Game theory has been used extensively in wireless networks research to develop understanding of stable operation points for networks made of autonomous/selfish nodes. The nodes are considered as the players. Utility functions are often chosen to correspond to achieved connection rate or similar technical metrics. The studies done in this context can be grouped as below:

=== Medium access games for 802.11 WLAN ===
Various studies have analyzed radio resource management problems in 802.11 WLAN networks. In such random access studies, researchers have considered selfish nodes, who try to maximize their own utility (throughput) only, and control their channel access probabilities to maximize their utilities.

=== Power control games in CDMA systems ===
Power control refers to the process through which mobiles in CDMA cellular settings adjust their transmission powers so that they do not create unnecessary interference to other mobiles, trying, nevertheless, to achieve the required quality of service. Power control can be centralized in nature, where the base station dictates and assigns transmitter power levels to mobiles based on their link qualities, or they can be distributed, in which mobiles update their powers autonomously, independent of the base station, based on perceived service quality. In such distributed settings, the mobiles can be considered to be selfish agents (players) who try to maximize their utilities (often modeled as corresponding throughputs). Game theory is considered to be a powerful tool to study such scenarios.

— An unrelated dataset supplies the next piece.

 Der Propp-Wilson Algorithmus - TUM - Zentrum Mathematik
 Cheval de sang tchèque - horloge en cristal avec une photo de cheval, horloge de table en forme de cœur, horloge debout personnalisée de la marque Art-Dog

==Applications of cooperative game theory (coalitions) in wireless networks research==

=== Coalitional game theory in wireless networks ===
Coalitional game theory is a branch of game theory that deals with cooperative behavior. In a coalitional game, the key idea is to study the formation of cooperative groups, i.e., coalitions among a number of players. By cooperating, the players can strengthen their position in a given game as well as improve their utilities. In this context, coalitional game theory proves to be a powerful tool for modeling cooperative behavior in many wireless networking applications such as cognitive radio networks, wireless system, physical layer security, virtual MIMO, among others.